**WHAT THE TASK ASKS**.
Apart from the images, output the data below exactly.

**AVAILABLE RECORDS**.
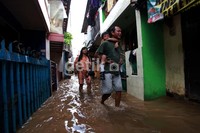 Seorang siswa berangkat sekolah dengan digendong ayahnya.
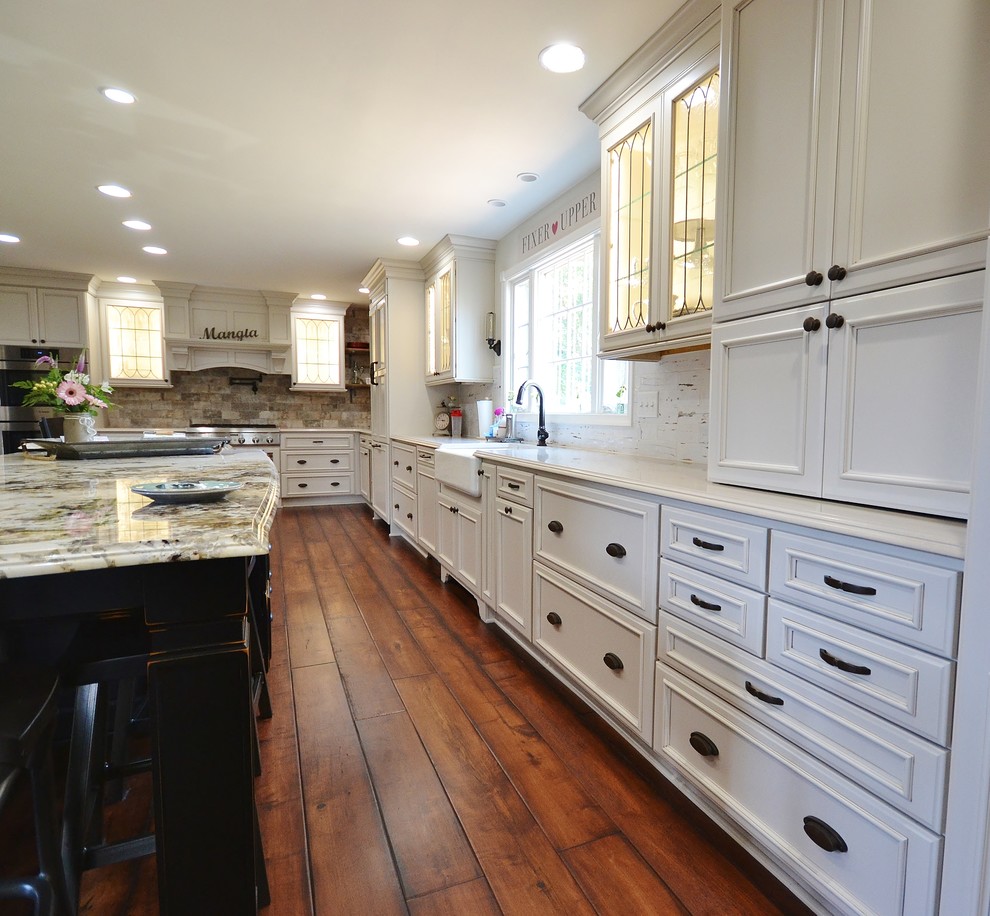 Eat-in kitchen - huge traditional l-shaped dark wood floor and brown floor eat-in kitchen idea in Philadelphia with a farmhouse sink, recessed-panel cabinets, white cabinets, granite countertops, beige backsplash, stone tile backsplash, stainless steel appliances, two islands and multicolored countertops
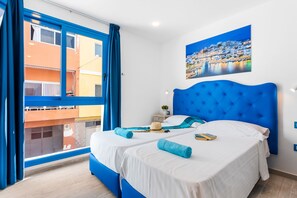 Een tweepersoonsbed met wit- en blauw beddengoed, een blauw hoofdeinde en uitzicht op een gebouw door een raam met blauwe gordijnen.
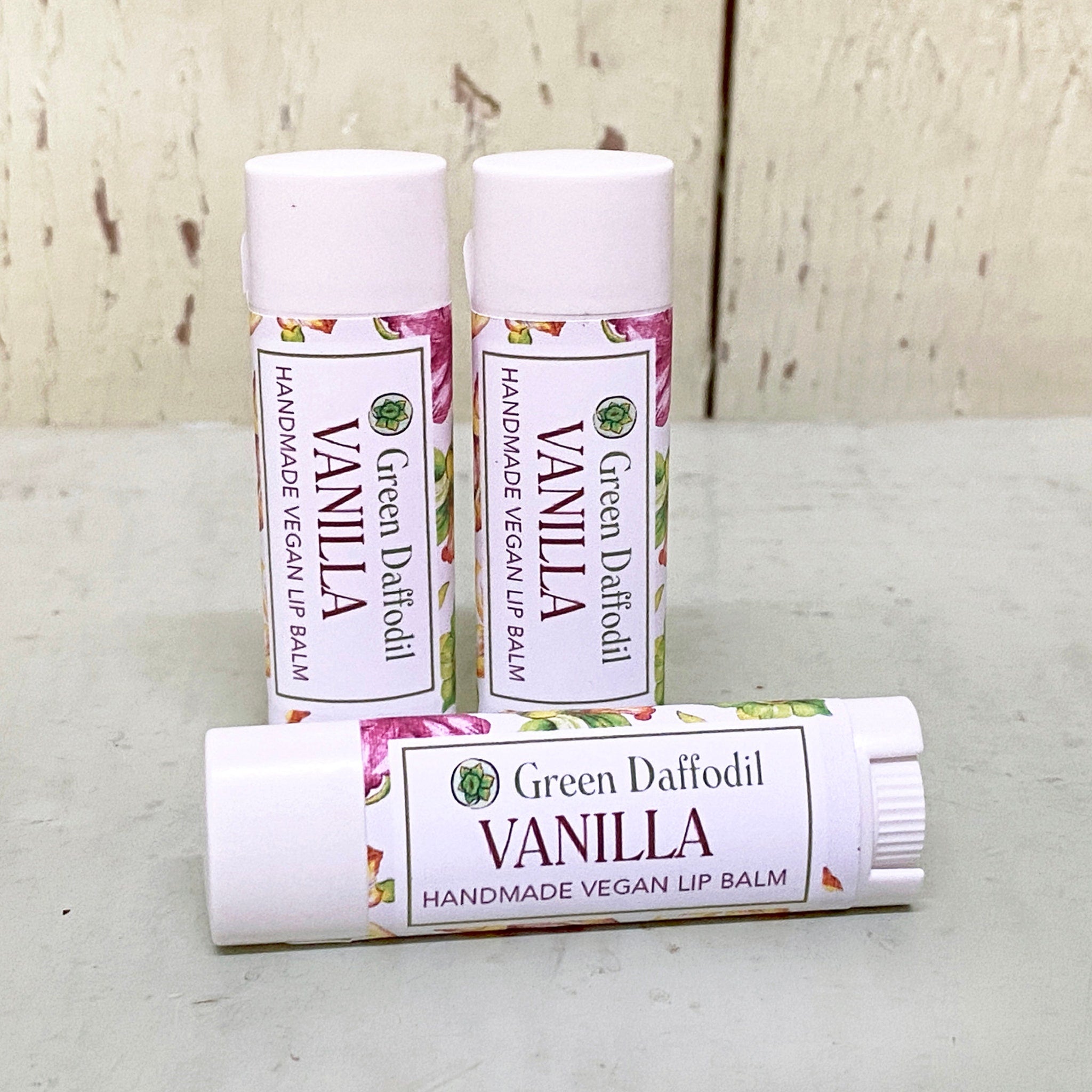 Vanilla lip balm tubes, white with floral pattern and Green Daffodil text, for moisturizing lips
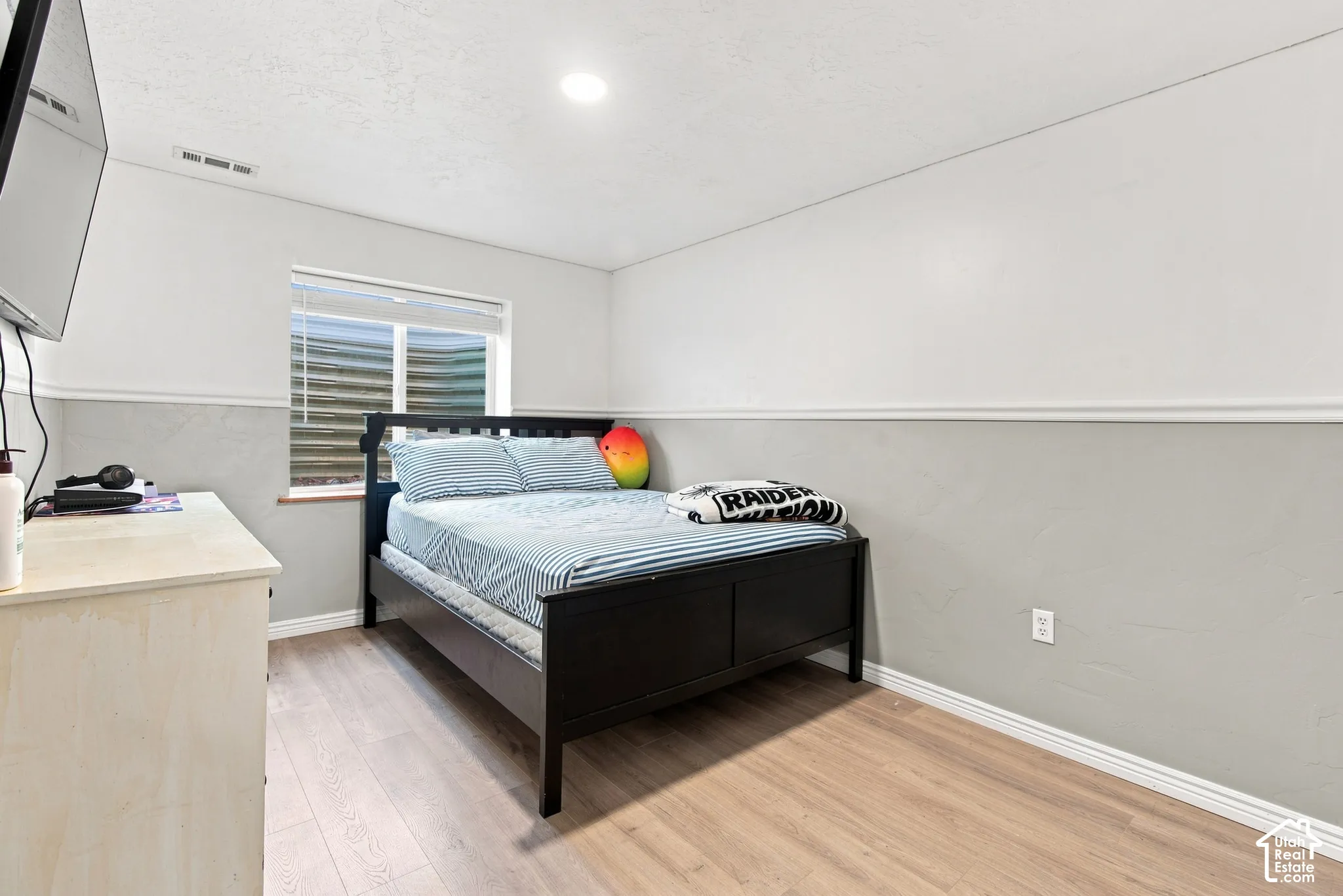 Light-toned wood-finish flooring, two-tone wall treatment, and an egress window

**SOLVED EXERCISE**.
 Seorang siswa berangkat sekolah dengan digendong ayahnya.
 Eat-in kitchen - huge traditional l-shaped dark wood floor and brown floor eat-in kitchen idea in Philadelphia with a farmhouse sink, recessed-panel cabinets, white cabinets, granite countertops, beige backsplash, stone tile backsplash, stainless steel appliances, two islands and multicolored countertops
 Een tweepersoonsbed met wit- en blauw beddengoed, een blauw hoofdeinde en uitzicht op een gebouw door een raam met blauwe gordijnen.
 Vanilla lip balm tubes, white with floral pattern and Green Daffodil text, for moisturizing lips
 Light-toned wood-finish flooring, two-tone wall treatment, and an egress window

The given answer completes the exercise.